In Arizona, Amazon has 17 fulfillment and sortation centers, 13 delivery stations and more than 33,000 full-and part-time employees.

Red Hawk rising

In 2019, the Mesa City Council approved a development agreement and tax incentive program with Google to develop the data center campus on Elliot and Sossaman roads, but there’s been little visible movement on the project until last week’s design review hearing.

Because the project is within an Employment Opportunity Zone overlay, it will be able to move forward with an administrative review and does not need to go before council.

By the terms its development agreement with the city, Google must meet development milestones. It faces a July 2025 deadline for 250,000 square feet of development and $600 million in capital investment.

The building in phase 1 considered by the design review board will meet that requirement if Google can get it built in two years.

According to the agreement, the average salary of all full-time employees on the project must be $65,000 per year.

In return, the city is allocating 1,120 acre-feet of water initially and up to 4,480 acre-feet at buildout, promising as well  “sufficient emergency back-up supplies for water.”

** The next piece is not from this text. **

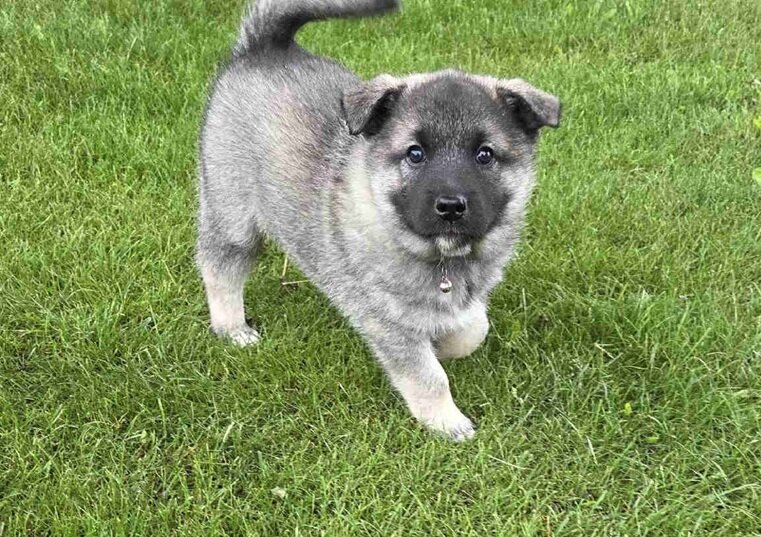 Norwegian Elkhound Puppies – Perfect Adventure image 5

Water is important for data centers as an efficient means of moving heat away from servers. Data centers use a lot of water, but the industry is trying to develop technology to reduce its water demands.

The city is sweetening the deal for Google with a $16 million tax break over the next 25 years, which Mesa believes will be far exceeded by construction sales tax, electricity sales tax and personal property tax generated by the data center.

Google submitted site plans ahead of the hearing, but according to the project narrative, “proprietary information regarding the equipment in the server halls has been removed from the drawings due to intellectual property concerns.”

“The client would be willing to disclose the design of this area in an in-person non-public review meeting,” the document continued.

The internal features of buildings are blocked out in gray on the architectural drawings submitted to the city.

Security features of the data hall include a 10-foot wall surrounding the project, a gated entry and guard shack.

In the site plans submitted by Google, designers have added interest to industrial buildings with metal accents and LED lights, some of which casts dramatic shadows on the side of the building at night.

One member of the public who lives near the project submitted a comment card with concerns about how the data center use would impact the single-family neighborhood to the north and whether there would be noise or visibility impacts.

Issues related to the land use of the project are outside the purview of the design review board, which is focused on the appearance of a project.

“I think it’s a nice approach to what we often see as a fairly large, concrete-type building,” board member Dane Astle said.

Much of the discussion focused on the landscaping, which some board members thought was awkward and relied too much on pine trees, which use more water than other species.

Board member Tanner Green summed up the board’s sentiment on the first phase, “We’re looking forward to this project.”